Well, firstly lets look at silicon. Silicon comes in two types, P-Type and N-type, but effectively, the heat properties of the two behave the same. Silicon, as it heats up becomes more conductive, letting more electrons (put simply, electricity particles) through. Now I know what your thinking, “hold on, if it’s more conductive, doesn’t that mean it should be faster?”, but no. The speed of the computer isn’t on how fast the electricity moves through silicon, although, speeding that up would improve things. We’ve all heard the term, clock speed. Gigahertz. Megahertz. That is, the speed at which it can execute each instruction and synchronize each computer part. So to put it in lemans terms, the faster the clock speed, the quicker the computer (not taking architecture into account, for all you techies out there).

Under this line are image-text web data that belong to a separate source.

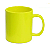 CANECA PLÁSTICA POLIMERO P/ SUBLIMAÇÃO AMARELO 325ML (ADESPAN) - Imagem 1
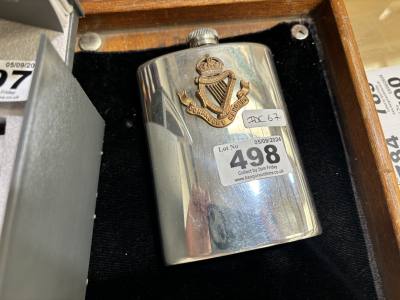 CONNAUGHT RANGERS HIP FLASK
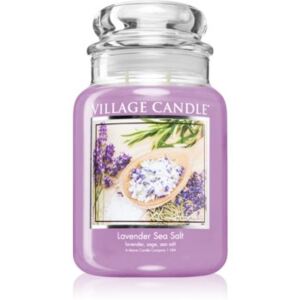 Village Candle Lavender Sea Salt vonná svíčka (Glass Lid) 602 g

To put all of that simply, a CPUs heat is directly related to it’s clock speed; the higher the clock speed, the more power used and subsequently, more heat. Without adequate cooling, today’s CPUs can very easily reach well over 150 degrees Celsius, if there weren’t systems in place to prevent it. These systems include a clock speed limiter. When the CPU gets above temperature, the CPU management (BIOS – CMOS system) slows it down. This results in a complex system that gives performance increases with a cooler system, and performance slow down in a hot system.
While performance is a big aspect to look at in hot systems, so is the ongoing toll on the hardware. Consistently hot systems aren’t expected to last anywhere near as long a cooler systems. Thermal fatigue in silicon results in cracks in transistors, and transistor mounting failures, in particular. Of course, just one transistor failure on a complex system such as a motherboard or graphics card can result in the entire system failing. And a replacement board being an appropriate fix.
What’s a safe operating temperature?
Each computer system is different. Operating temperatures depend largely on the CPU type, the provided cooling, the age of the computer, and the motherboard heat management systems. But as a general rule, your CPU should be running between 40 – 60 degrees Celsius, and your system should be between 20-40 degrees. If it’s cooler, great. But generally it’s not good to have it running hotter. Laptop batteries are largely affected by heat so be sure to take out batteries if
What is appropriate cooling?
As much as some overclockers will say that you really do need a liquid nitrogen cooling system, a basic, air-cooled, computer fan system is usually fine. As long as your not not overclocking and running power intensive programs (like games), any processor will come included with appropriate cooling. If however, your in a particularly hot part of the world, be sure to look into better fan or even water systems.